We directly extracted 30+ features (e.g. queue, project, application, job group names, job command, requested resource names and their values) from the collected job traces used by the work in this paper. The features with non-integer data types are encoded into integers and normalized before used to training models. It is possible to further extract more useful information, but it is not the scope of the main problem addressed in this paper (Table 2).

Table 2. Training features extracted for the studies in this paper.

3.3 Abnormal Job Removal

Jobs could be terminated from the system before normal completion. For example, user or administrator may explicitly kill the job submitted with wrong options. Also, application may run into errors and terminate itself with certain exit codes. Those incomplete jobs surely become the noise points when training model. We remove the jobs with following abnormal cases from our job traces.

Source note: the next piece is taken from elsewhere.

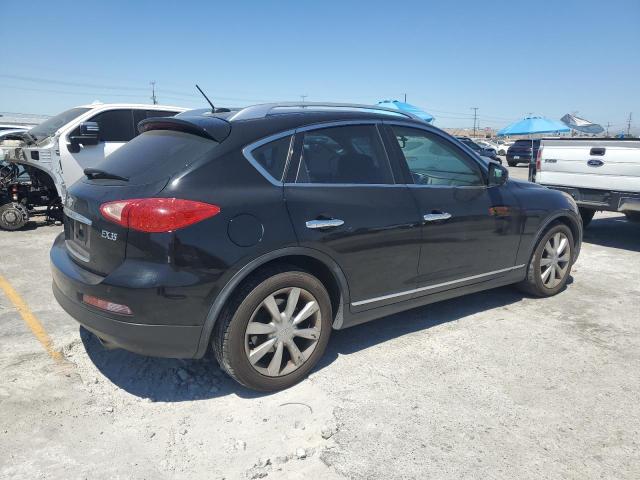 JN1AJ0HP0BM800492 - 2011 INFINITI EX35 BASE 黑色 照片 3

  • Jobs with zero or minus memory usage

  • Jobs with zero or minus runtimes

  • Jobs finished with exit status or exit codes

Besides, we follow other standard feature engineering steps [18] to further refine the features, such as feature encoding (e.g. mapping the value of string type fields as integer values) and normalization.

4 Resource Prediction Method

In this section, we present the design of the proposed resource prediction method for large memory jobs. The key idea of our method is to separate the mode training as two stages: firstly, a binary classification model is built to determine whether a job will consume large or small memory; then a regression model is trained by just using the historical large memory jobs to predict the final memory usage for the jobs which are predicted to use large memory. Figure 3 describes the overall prediction flow with the above method.

Fig. 3.
figure 3

Proposed prediction flow for job memory usage

4.1 Predicting Job Memory Usage Type

Predicting the correct job memory usage is not easy, but the complexity of predicting whether a job tend to belong a large or small memory one can be significantly reduced. The latter one becomes a binary classification problem, while the former one is a multi-class classification problem or a regression problem. We treat the job with memory usage larger than 1 GB as large memory one in this paper. However, this boundary could be dynamically changed in production system based on the practical workload needs.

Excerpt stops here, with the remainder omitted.